Likewise,  Bill famously told the huge crowd at the Wudinna Rally he’s be prepared to live in a caravan and door-knock the entire Eyre Peninsula to get support to force banks to negotiate, and called for volunteers for door-knocking, and some other unspecified action.  They called on those who were in a position to do so, to boycott the banks by closing accounts from the major banks within the week to show the banks and governments the crisis needed negotiating.  Many did, and shortly after the CAG executed a lightning single day bank picket with military precision.  Nearly 200 volunteers stood outside major banks across the Peninsula (when there were more branches!) handing out leaflets highlighting hidden bank charges and asking people not to go into the bank that day if they could help it, and if they could, to move their accounts to a Building Society or Credit union. 

Reserved: Caught in a “Pincer Action”So many accounts were moved by people from all walks of life, from school children to pensioners and in between, that extra staff had to be put on by the credit unions receiving the influx of deposits.  The banks were stunned, and knew they had a battle on their hands.   The banks may have had the money, but they’d already lost the moral and media battles and had no credibility.  

Fighting a Pincer Action of Bank & Government Policies

Nevertheless, the farmers were fighting a pincer-action of bank and government policies squeezing them from all sides.

The media reported after Wudinna  “The rally … was the ultimate pledge of unity in the battle with the banks and the State Government for support” (West Coast Sentinel, 15/2/89).  The Port Lincoln Times front page (14/2/89) said  “ the common needs of these people were welding them into a community where personal benefit was being put aside so that neighbours could be helped, a collective atmosphere reminiscent of the sacrificial days of World War II. The mood was sombre.

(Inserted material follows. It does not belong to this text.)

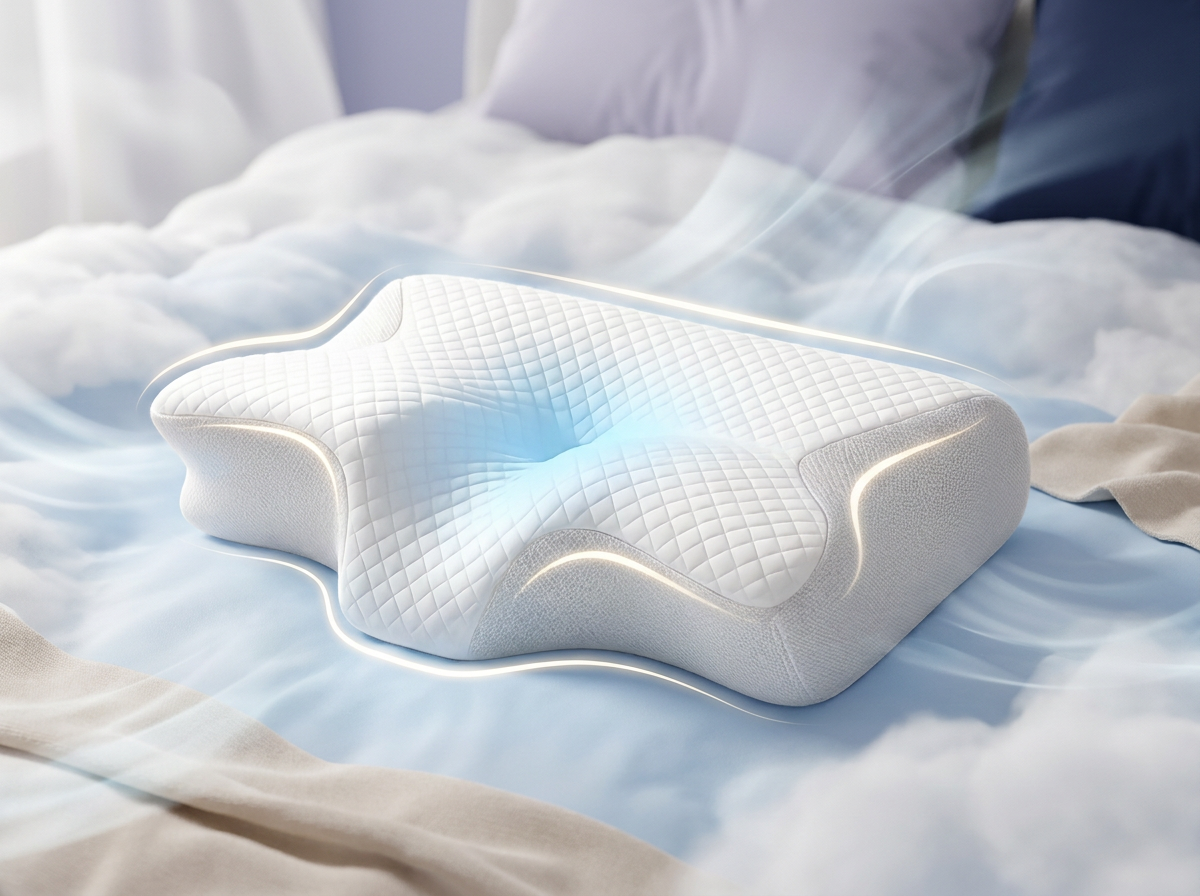 Engineered Around How You Sleep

Despair was giving way to determination, actions were outlined in which every person could participate…”

This was just the beginning to what was to become a huge movement of grass-roots action, resulting in many groups across all States but Tasmania, and the inception of the Union of Farmers [UF] which became a conduit for these groups and disseminated the best of the ideas and actions amongst the groups.

The momentum thrust them into an organised frenzy on many fronts.  Bill and Jim’s  phones started early in the morning and didn’t stop ringing ‘till late at night.  People wanted to help.  People needed help, or someone to talk to.  Media wanted to know what was going on.  Strategies had to be discussed.   Government was unconcerned despite the area producing 10% of the nation’s wheat crop in good years.  The Action Group sought a moratorium on farm debt, or long-term low interest loans, and talked to banks, MP’s, even the Governor, who later came to visit.  This sort of pressure was borne by them for a long time, and ultimately they helped other groups to start.  They travelled, mostly by car or bus, to speak to other groups wanting to do something all over Australia. Banks were ruthless, and they needed taking to task.

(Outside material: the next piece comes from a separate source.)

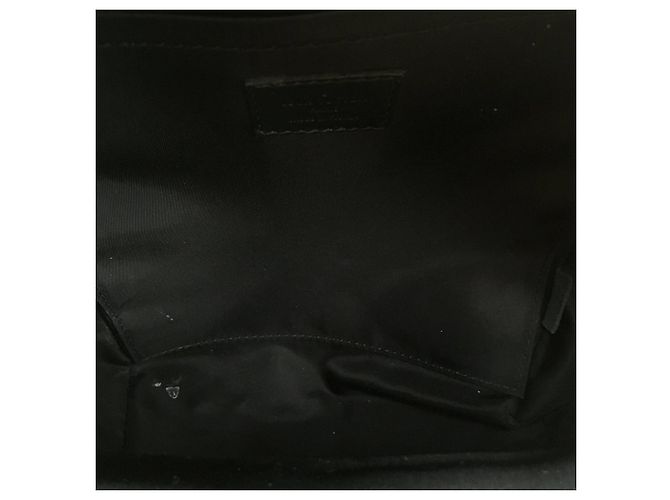 Zaino Palm Springs PM Monogram Jungle Dots di Louis Vuitton Marrone - vista 6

Banks threatened farmers who they were pressuring with foreclosure to not approach  the Action Groups or they’d really run them through and leave them destitute so they’d leave with nothing.  But the solidarity and resolve that was born out of the Chandada group spread far and wide.  Bill and Jim in particular, were in great demand to travel to other areas, which they did, to inspire and help new groups to grow. 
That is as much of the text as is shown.